# Update on Jolie



## DoglovingSenior (Jun 26, 2011)

This has been a very,very,very busy week for me, therefore I have not posted this before. I named my little rescue *JOLIE*. I found out that she is a Tibetan Spaniel. She is a young dog and is the sweetest little girl in the world. After my flailing around re: her food., I followed some great advice, skinned a chicken drumstick & gave it to her. Thanks Re. She tackled that drumstick like I couldn't believe. I couldn't get over how those tiny little teeth could chew thru that bone <LOL> She usually eats half in the AM & the other half in the PM. Her poops are excellent. 
The vet reported her healthy, no heartworms but we will rerun the test in 6 mths just to be certain-she is on Ivermectin-oh yes, she weighs 12.5 lbs. We have gotten rid of her fleas. She is on a flea preventative at the moment. I am going to take her back to the vet and have titres run to test her immunities or lack of them. Hope that rabies will be her only shot. 
I have not made too much of an effort to find her owners-I have dutifully checked newspapers, online and at the local Shelter & with the Rescue groups. No one seems to be looking for her. The too tight collar & the flea infestation made me a rather unsympathetic rescuer. 
She has a beautiful personality-she seems happy-I bought her a new collar & a few toys & she figured out how to make the fleece bone squeak. She prances around holding it as high as she can and squeaking it. She is a total cuddle bug and asks to be picked up. My others are "cuddle bugs" too but it gets a little difficult with their size  It is nice to be able to pick her up and put her where I want her to be "D. She and my APBT are fast friends - she still growls/barks at the Rottie who is "stiff" around her. <sigh> She likes to lie on my feet when i am at the computer & she sleeps like a log. She only wakes up after I pick her up to carry her to her crate.
Thats about all on Mademoiselle Jolie. If I find an *ABSOLUTELY PERFECT *home, I may still give her up-if not. . . . Thanks for all of the great advice.


----------



## tem_sat (Jun 20, 2010)

Pictures please! :becky:


----------



## magicre (Apr 7, 2010)

that is the very best success story one can hope for....she will flourish under your care.....

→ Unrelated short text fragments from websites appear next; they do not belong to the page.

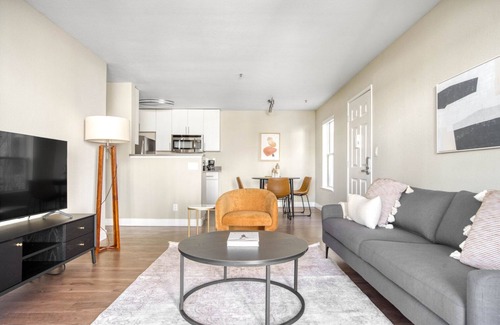 Old Mountain View Apartment | Gorgeous Downtown Mountain View 2BR w/Gym, Pool & Patio, by Blueground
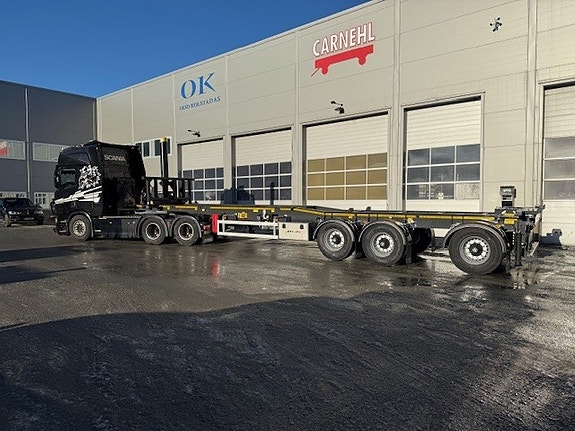 Andre TIPP CONTAINERSEMI MED HYDRAULISK FLYTTING AV CONTAINER 3 of 11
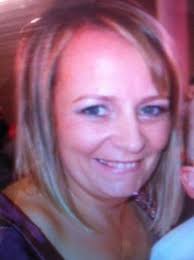 HUBBY'S ROMANTIC GESTURE EARNS FAMILY CHANCE TO WIN A LOTTO MONEY!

thanks to g'd that you were there at the right time....maybe some pics? pretty please?


----------



## xellil (Apr 4, 2011)

That's fantastic - and i know what you mean about moving them around. I have my first small dog and I just pick her up and put her where I want her.


----------



## DaneMama (Jun 27, 2008)

This is great to read. I'm so happy for you and that sweet little girl...I sure hope you keep her because she's lucky to have you :thumb:


----------



## whiteleo (Sep 7, 2008)

I'm so happy that all has turned out well! 3 dog homes are perfect...lol


----------



## DoglovingSenior (Jun 26, 2011)

There certainly are some Night Owls in this group! <LOL> I still have not purchased a camera, I will, I will - and I do not like the photos taken with my phone. I wanted to send my other guys' pic and one of his 12 yr 8mth old teeth, which are gorgeous. I still haven't managed to put photos on the site anywhere except as the avatar & as a profile photo ,SIGH>. Again, I THANK all of you for the wise advice and nice comments.


----------



## DoglovingSenior (Jun 26, 2011)

Q. right now she is in my lap & when so situated, she likes to gnaw on my fingers ( very gently), then lick them. If I put her off of my lap she immediately wants to get back up. Is this "normal" behavior? Some of my Rotties have done the same thing but I didn't allow it - just moved my hand as with a large dog I was always super aware of dominance issues. Was I wrong about this?


----------



## MollyWoppy (Mar 19, 2010)

Oh boy, I've been away and obviously have some serious catching up to do.....a new pup? Congratulations, she sure sounds like she's stolen your heart.


----------



## chowder (Sep 7, 2008)

DoglovingSenior said:


> Q. right now she is in my lap & when so situated, she likes to gnaw on my fingers ( very gently), then lick them. If I put her off of my lap she immediately wants to get back up. Is this "normal" behavior? Some of my Rotties have done the same thing but I didn't allow it - just moved my hand as with a large dog I was always super aware of dominance issues. Was I wrong about this?


A lot of the little breeds want to be constant lap dogs. My son's chihuahua was not happy at all unless it was in your lap. If you set it down, it immediately tried to jump back in your lap again. The same thing with my MIL's toy poodles. I almost think it's bred into their nature since basically that is what their 'job' is.... to be lap dogs. 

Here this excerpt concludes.